C’est le journal allemand Die Welt qui a révélé l’information, et Le Figaro la reprend dans son édition du 14 mai.
Jusqu’ici, tous ceux qui osaient affirmer que l’Ukraine et la Russie avaient commencé à négocier dès février 2022 et que le conflit était sur le point de se terminer rapidement avaient été qualifiés de complotistes – d’extrême droite, le plus souvent, évidemment.
Dans un document de dix-sept pages, que le magazine allemand s’est procuré et révèle aujourd’hui, on apprend donc (et on est prié de faire semblant d’être surpris) que, jusqu’au 15 avril 2022, un projet de trêve était sur le point d’être conclu par les Russes et les Ukrainiens. Seuls quelques points cruciaux demeuraient dans la main de Poutine et Zelensky. L’article 1 prévoyait une « neutralité permanente » de l’Ukraine, excluant de fait son adhésion à l’OTAN, tandis que Moscou s’engageait de son côté à ne plus attaquer l’Ukraine. L’article 3 laissait la porte ouverte à une adhésion à l’UE, tandis que l’article 5, pour verrouiller cette non-agression mutuelle, laissait la possibilité aux membres du Conseil de sécurité de l’ONU de donner des garanties de sécurité à l’Ukraine, notamment de la défendre en cas d’agression. On est loin de la Russie fourbe et cruelle, dans ce cas précis.
Ces accords étaient donc presque prêts
Négociés à Istanbul, ces accords étaient donc presque prêts. On se demande ce qui a bien pu se passer. Le point bloquant était-il le découpage des frontières, qui devait être effectué par Poutine et Zelensky en personne ? En annexe, la Russie demandait par ailleurs la réduction de l’armée ukrainienne à 85.000 soldats, tandis que l’Ukraine plaidait pour 250.000 soldats, ainsi que des mesures actives de lutte contre « le fascisme et le nazisme » de la part du régime de Kiev. Un membre de l’équipe de négociation de l’époque a indiqué au Welt : « C’était le meilleur accord que nous aurions pu avoir. » Même aujourd’hui, soit plus de deux ans plus tard.

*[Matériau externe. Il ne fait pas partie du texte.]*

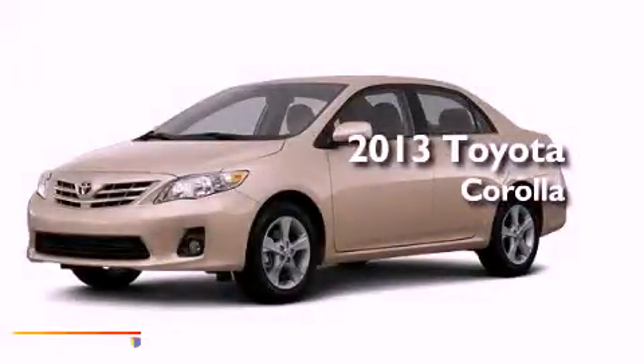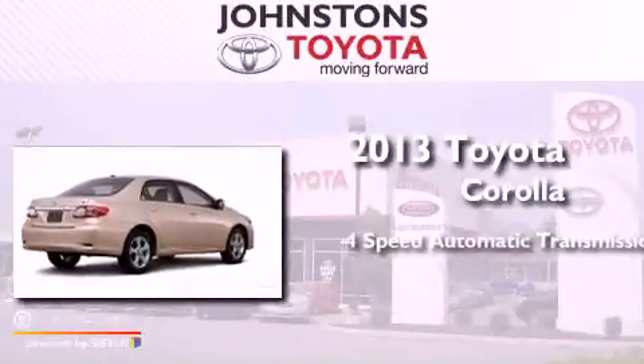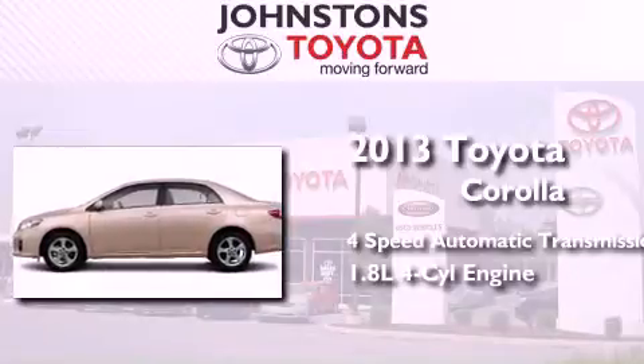This is a brand new 2013 Toyota Corolla. This four-door sedan has a four-speed automatic transmission and an in-line four-cylinder engine.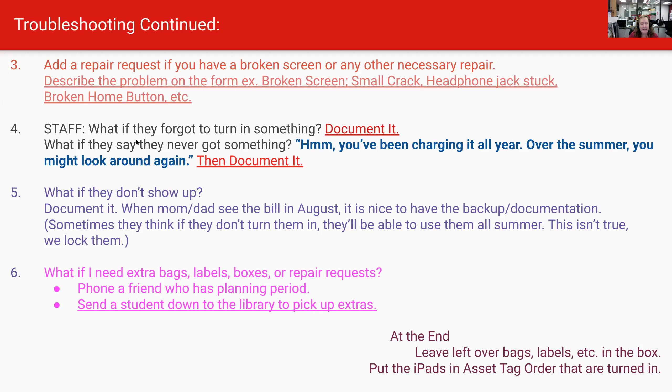We talked about repair requests. What if they forget to turn something in? Just document it. What if they say they never got a cord and charger? I would politely tell them: you've been charging it all year — over the summer, you might look around again. Go ahead and document that they didn't turn it in, and that gives them the summer to look for it. What if you have a student who didn't show up today? Please document that. When mom and dad see a $30 late fee in August, it's critical that I have backup information showing they didn't show up on the last day and didn't turn it in. Sometimes a kid will think that if they don't turn them in on the last day they'll be able to use them all summer — that's not true, we actually lock them down.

En novembre 2023, un négociateur ukrainien avait déclaré à la télévision que c’était un déplacement du Premier ministre britannique Boris Johnson qui avait tué dans l’œuf les efforts russes et ukrainiens. Johnson se serait rendu à Kiev le 9 avril – peut-être à la demande de son suzerain américain, allez savoir - pour signifier à Zelensky que le Royaume-Uni, membre du Conseil de sécurité des Nations unies, donc en mesure de bloquer le projet d’accord, ne signerait rien et que Zelensky devait continuer le combat, quel qu’en soit le prix.
On a donc failli passer à côté d’une ébauche de guerre mondiale. On a failli arrêter l’hémorragie et faire cesser les pertes par dizaines de milliers. On est passé à deux doigts d’une résolution du conflit après quelques semaines d’une particulière violence. En faisant cela, on se serait aussi privé du sabotage du gazoduc russe – par les Russes eux-mêmes, disait-on à l’époque -, des tirs sur une centrale nucléaire sous occupation russe – par les Russes eux-mêmes, disait-on aussi. On aurait évité les éléments de langage récités par un quarteron de généraux en retraite, au mépris du bon sens.
Qu’on ne se méprenne pas : les Russes ne sont pas des saints. Mais personne ne les vaincra en refusant la paix (et surtout, suprême lâcheté, en forçant les mandataires ukrainiens à lutter pour un Occident grabataire), ni en débitant une impressionnante quantité de mensonges, ni à coups de petites manœuvres. C’est la principale leçon de cette révélation qui n’en est pas une.